Brent E. Siler, an attorney with Butler Snow LLP in Memphis, Tennessee, said the decision makes any business entity a potential employer if it has control over the terms and conditions of employment, even if that control is unexercised or is exercised only indirectly.

The decision puts many employers in a difficult position, Siler said, since most businesses with operations covered under the new standard are going to exert some “control”—as the Board defines it—on employees who work in their facilities. He advises employers concerned about the decision to review their staffing or other agreements to make sure that the agreements minimize the control they have.

“It is going to be very difficult for employers to insulate themselves under this standard,” Siler said.

As to what employers should do in light of the Board’s decision, Garrison said it depends on each employer’s business objectives and relationships with the employees of its subcontractors, vendors, and staffing agencies.

“Some employers may decide to cut ties with staffing agencies that provide temporary workers or subcontractors that provide janitorial and security workers and take control of their relationships with those workers by hiring them directly,” Garrison said. “Others may continue their relationships with these business partners and refine them in light of the factors outlined in Browning-Ferris to reduce the likelihood that they are considered joint employers under the NLRA.”

Board’s reasoning

In a statement following the release of the decision, the Board said it found that BFI was a joint employer with Leadpoint because of the “indirect and direct control that BFI possessed over essential terms and conditions of employment of the employees supplied by Leadpoint as well as BFI’s reserved authority to control such terms and conditions.”
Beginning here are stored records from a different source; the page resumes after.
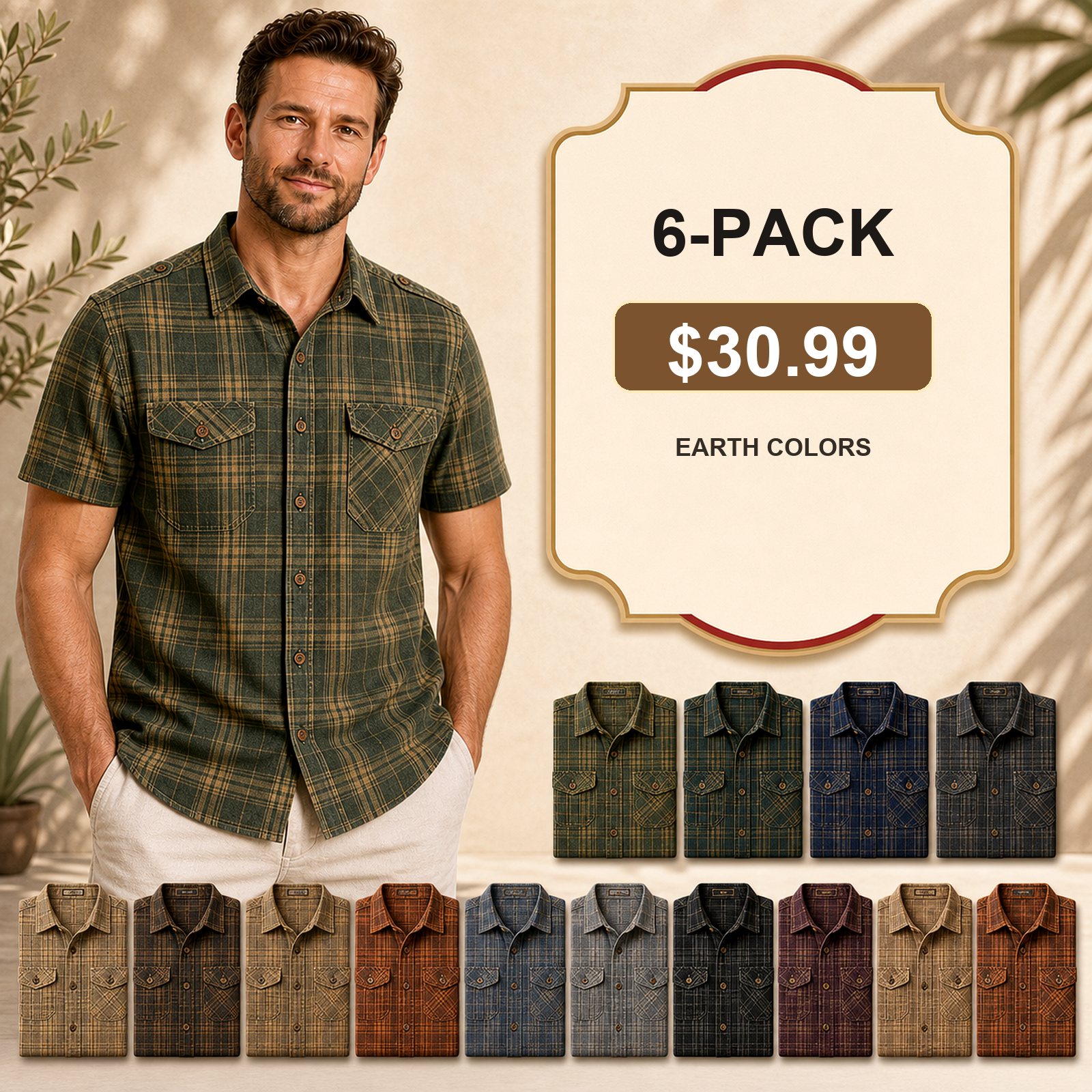 Men's Plaid Short Sleeve Utility Button-Up Shirt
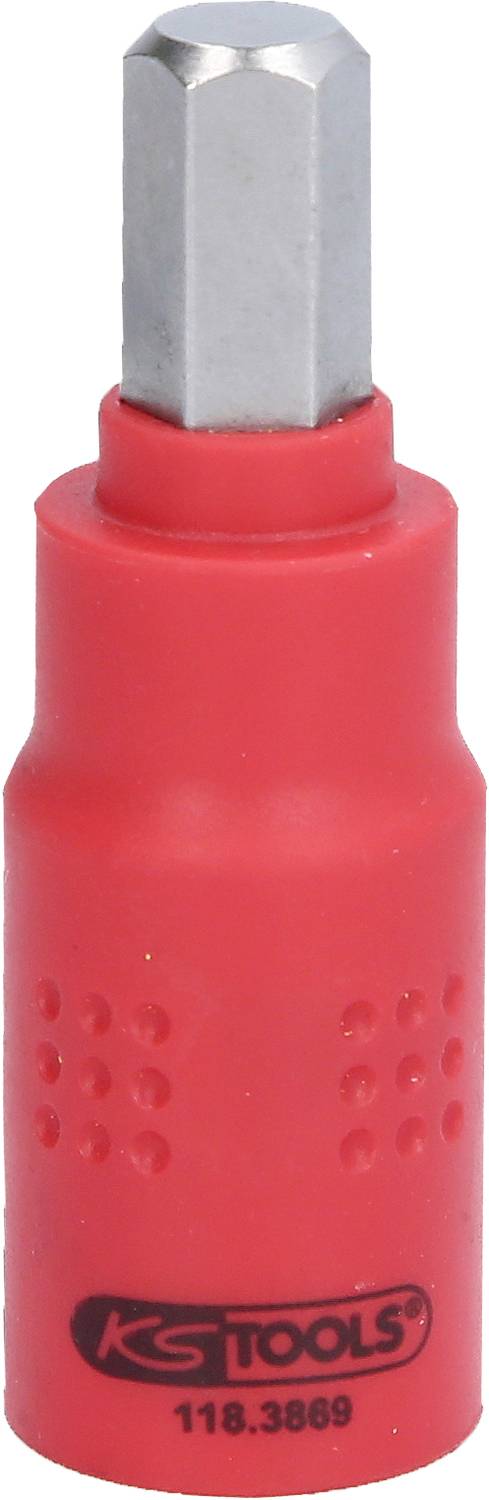 Red screwdriver bit with hexagonal metal head and inscription 'KS Tools 118.3869'.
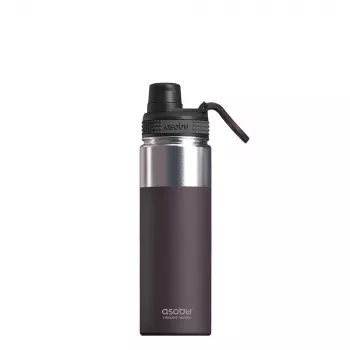 Botella térmica asobu Alpine Flask Hiking 530 ml acero inoxidable burdeos, 235 mm de altura, 7,6 cm de diámetro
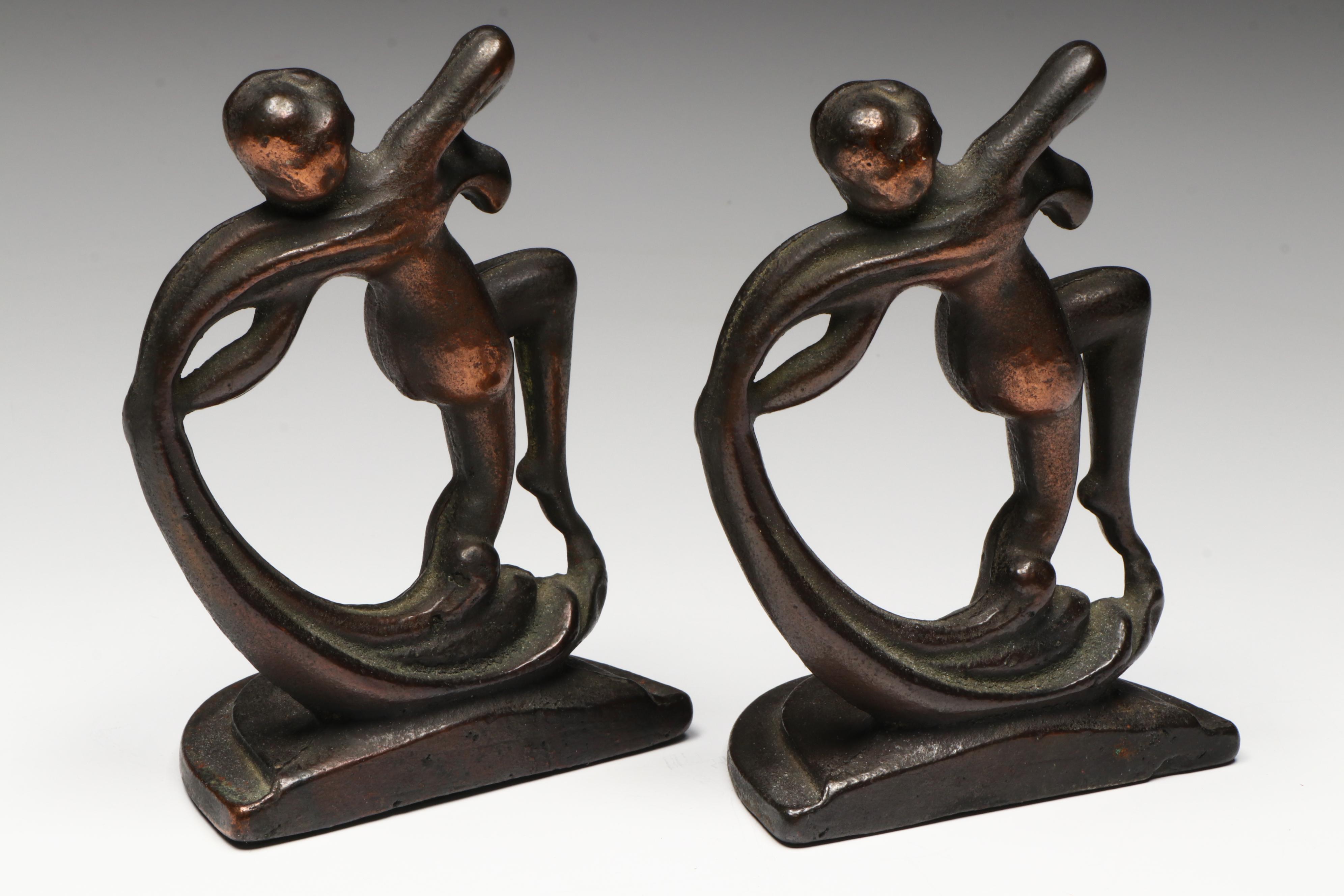 Art Nouveau Style Bronze Bookends with Old Mission Kopperkraft Bookends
The majority opinion states that the NLRB has decided “to revisit and to revise the Board’s joint-employer standard.”

“Our aim today is to put the Board’s joint-employer standard on a clearer and stronger analytical foundation, and, within the limits set out by the [NLRA], to best serve the Federal policy of ‘encouraging the practice and procedure of collective bargaining,’” the opinion states.

Board Chairman Mark Gaston Pearce was joined by members Kent Y. Hirozawa and Lauren McFerran in the majority opinion. Members Philip A. Miscimarra and Harry I. Johnson III dissented.

In their dissent, Miscimarra and Johnson said the decision “rewrites the decades-old test for determining who the ‘employer’ is” by redefining and expanding the “test that makes two separate and independent entities a ‘joint employer’ of certain employees.”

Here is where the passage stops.